Is Mysogyny Relevant Today?

Some still believe that a woman’s foremost duty in life is breeding, thereby assuring the continuance of the species and the progeny of her father’s/husband’s family. The myth of the “perfect” nuclear family is somehow still a fond hope in the hearts of many.

A man, woman, and two children smiling outside of a house

The patriarchal systems of many traditional societies serve to promote the interests of men by oppressing women in this very way. There may have been a time when such attitudes were more appropriate, given the need to ensure sufficient human populations in certain areas in order to maintain agrarian/artisan economies, but most social economists agree that such needs are long gone, and that the persistence of patriarchy (and the female’s breeding imperative) are residual effects of this system which have carried forward to perpetuate male dominance structures, as we see today in politics and business. As a result, women’s wages are universally inferior when compared to men’s wages for the same position.

A table of gender pay gaps across 19 industries

PHOTO: The finance sector has the biggest pay gap, at more than 30 per cent. (Supplied: WGEA)
Why are women overlooked as contributors in the professional world? Why have we been relegated to a misogynistic reproductive imperative in favor of a financially significant role in society? A poll of over 2 dozen successful female executives gives us insight into this dilemma. What they say:
Women are often seen as dependable, less often as visionary. Women tend to be less comfortable with self-promotion — and more likely to be criticized when they do grab the spotlight. Men remain threatened by assertive women. Most women are not socialized to be unapologetically competitive. Some women get discouraged and drop out along the way. And many are disproportionately penalized for stumbles.
Interestingly, many scholars report that men also find patriarchy oppressive for themselves, as well. By establishing a model in which the female has been removed from the workforce in favor of child-rearing, the male feels undue pressure to then provide – on his own – the comforts, necessities and other financial concerns which make family life possible.
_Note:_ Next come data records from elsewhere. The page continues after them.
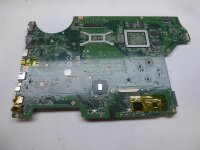 MSI GL62 6QD i5-6300HQ Mainboard Nvidia GeForce GTX950M MS-16J61 Ver:1.0 #4419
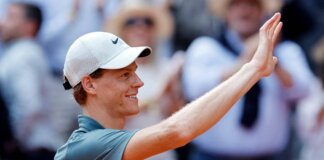 Sinner-Zverev, domani finale a Madrid: Jannik in campo per titolo e record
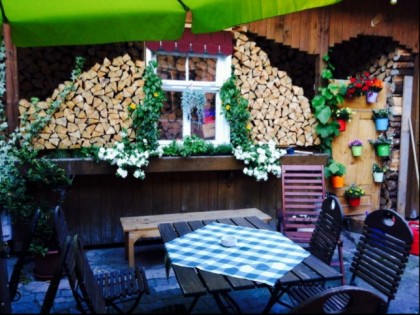 Foto: Gasthaus Frieser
Undoubtedly, there are families that thrive under such a system. Without any other well-established family organization system, any structure will do better than none at all. We’ve observed this patriarchal way of life for generations upon generations. Although, as a society, we have made great strides in a more equal allocation of duties in the family, it is hard to completely change anything quickly. For this reason, outdated practices, such as the idea that a woman is selfish if she is not breeding, persist.